WORKING DATA
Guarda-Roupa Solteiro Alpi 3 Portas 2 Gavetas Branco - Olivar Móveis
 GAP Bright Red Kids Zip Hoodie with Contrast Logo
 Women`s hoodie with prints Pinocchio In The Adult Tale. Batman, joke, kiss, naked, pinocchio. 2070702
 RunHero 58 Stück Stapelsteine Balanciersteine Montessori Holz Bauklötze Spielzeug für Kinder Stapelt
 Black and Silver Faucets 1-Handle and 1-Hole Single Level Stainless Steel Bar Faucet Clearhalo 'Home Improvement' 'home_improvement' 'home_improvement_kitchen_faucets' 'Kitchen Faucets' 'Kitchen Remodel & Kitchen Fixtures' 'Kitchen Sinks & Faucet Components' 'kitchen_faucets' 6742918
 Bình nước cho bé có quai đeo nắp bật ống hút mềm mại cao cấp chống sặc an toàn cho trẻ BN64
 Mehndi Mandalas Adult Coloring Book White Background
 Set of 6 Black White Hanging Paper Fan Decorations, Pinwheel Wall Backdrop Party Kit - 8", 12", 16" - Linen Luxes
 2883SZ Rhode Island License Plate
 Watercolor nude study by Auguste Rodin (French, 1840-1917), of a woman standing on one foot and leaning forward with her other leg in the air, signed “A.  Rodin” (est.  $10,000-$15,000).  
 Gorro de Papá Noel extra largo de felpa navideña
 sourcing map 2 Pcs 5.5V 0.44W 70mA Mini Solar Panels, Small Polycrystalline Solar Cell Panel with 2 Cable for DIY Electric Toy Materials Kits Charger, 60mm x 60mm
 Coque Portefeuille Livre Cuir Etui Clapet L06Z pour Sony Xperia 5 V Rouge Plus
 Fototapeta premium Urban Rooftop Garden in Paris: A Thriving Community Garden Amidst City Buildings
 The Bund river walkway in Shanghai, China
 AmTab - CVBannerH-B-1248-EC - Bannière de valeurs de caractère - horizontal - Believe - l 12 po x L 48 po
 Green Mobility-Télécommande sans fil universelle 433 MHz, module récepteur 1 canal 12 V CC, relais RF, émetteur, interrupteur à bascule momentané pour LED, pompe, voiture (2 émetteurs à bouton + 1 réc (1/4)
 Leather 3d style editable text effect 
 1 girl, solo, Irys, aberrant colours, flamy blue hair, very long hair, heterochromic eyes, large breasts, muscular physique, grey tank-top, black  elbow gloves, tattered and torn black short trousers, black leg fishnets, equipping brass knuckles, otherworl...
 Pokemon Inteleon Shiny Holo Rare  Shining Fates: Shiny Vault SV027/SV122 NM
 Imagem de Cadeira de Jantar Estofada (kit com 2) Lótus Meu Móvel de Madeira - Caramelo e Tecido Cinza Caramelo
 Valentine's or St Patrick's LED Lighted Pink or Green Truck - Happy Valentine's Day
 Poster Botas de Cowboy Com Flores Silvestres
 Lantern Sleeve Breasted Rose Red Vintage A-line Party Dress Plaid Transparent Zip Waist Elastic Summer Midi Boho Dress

WHAT YOU NEED TO DO
Wherever the word "Adult" turns up in a line of the entries above, copy that line.

ANSWER TO THE PROBLEM
 Women`s hoodie with prints Pinocchio In The Adult Tale. Batman, joke, kiss, naked, pinocchio. 2070702
 Mehndi Mandalas Adult Coloring Book White Background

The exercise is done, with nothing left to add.